Outlier Detection with One-Class SVM Method
Python 2.7 or 3: https://www.python.org/downloads
Clone the repository
git clone https://github.com/BooneAndrewsLab/ocSVM.git
cd ocSVM
Create a new conda environment with the dependencies (recommended):
conda env create -f environment.yml
conda activate ocSVM
or if using virtualenv or the system wide Python, do
pip install -r requirements.txt
Usage
python OutlierDetection.py -f <input_file> -r <data_type> -i <identifier>
-s <features_file> -l <locations_file> -n <negcontrol_file> -p <poscontrol_file>
-v <variance> -t <threshold> -o <save_pca> -m <heatmap>
--input-file (-f): This is the CellProfiler features file for each cell that also includes the strain information.
Examples:
- cp_example/input/2018_January_31_BNI1_R1_T6.csv
- raw_example/input/Mito_Yme2.csv
--data-type (-r): Use this flag if input data is raw*. Do not process input as CombineCellProfiler* output file.
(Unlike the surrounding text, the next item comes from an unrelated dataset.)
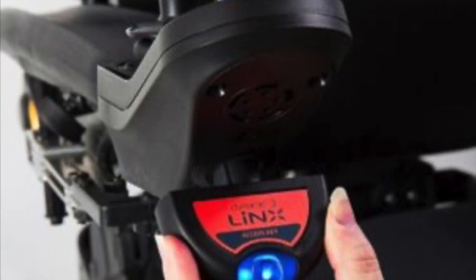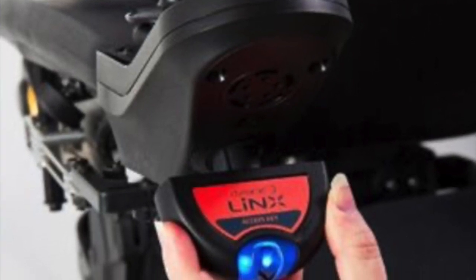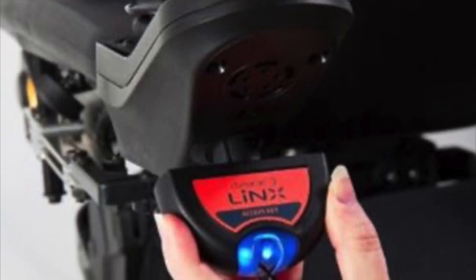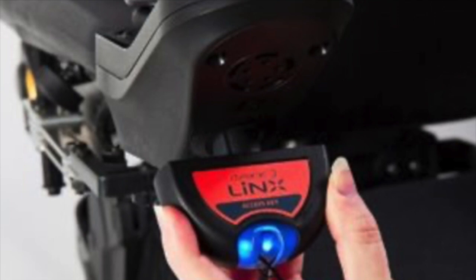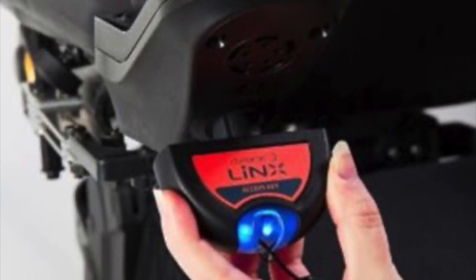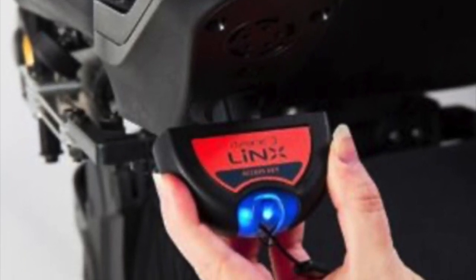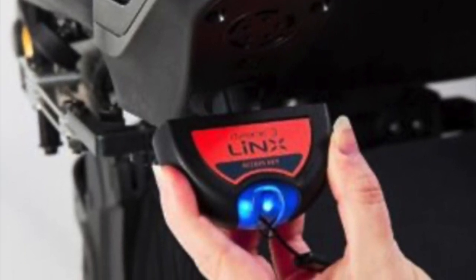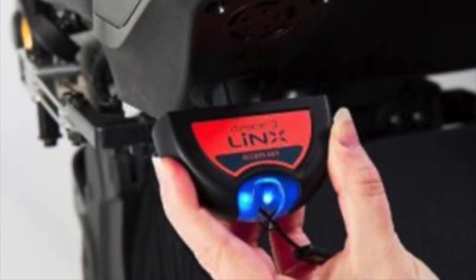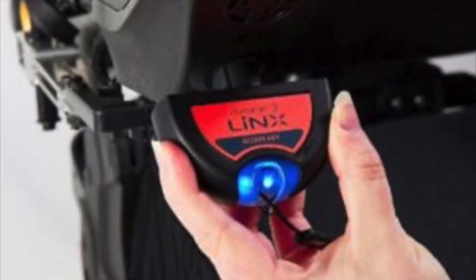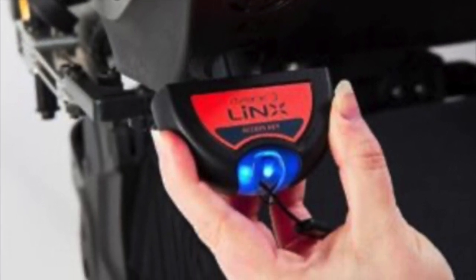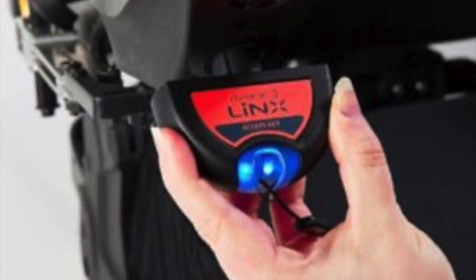After the Lynx Access software has successfully installed, turn on the power chair and plug the Lynx Access key into the charge port on the chair's joystick or display. If you need to obtain a LAC, contact Invacare customer service or your local sales representative.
*raw = raw_example/input/Mito_Yme2.csv
*CombineCellProfiler = cp_example/input/2018_January_31_BNI1_R1_T6.csv
--identifier (-i): The information from the mapping sheet that describes a genotype in the most unique way. SGA mapping sheets identify strains with ORF - Name - Allele - StrainID format. Multiple alleles can have the same ORF so an ORF may not be a unique strain identifier. Recommendation: try to pick Genotype or StrainID
--features-file (-s): CellProfiler feature sets to include. This file is required if input data is raw.
Examples:
- raw_example/input/features_combined.txt
- raw_example/input/features_Mito.txt
- raw_example/input/features_Yme2.txt
--locations-file (-l): Location features. This file is required if input data is raw.
Examples:
- raw_example/input/location_features.txt
--negcontrol-file (-n): Negative control file. A txt file that contains all the strain information with the same unique strain identifier option -i
Examples:
- cp_example/input/negative_controls.txt
- raw_example/input/negative_controls.txt
--poscontrol-file (-n): Positive control file. This file is not required but only to produce the performance of outlier detection. A csv file that contains a list of strain information. The strain information should be present in the column as any subset of the following strain information: ORF, Name, Allele, StrainID, Gene, Genotype.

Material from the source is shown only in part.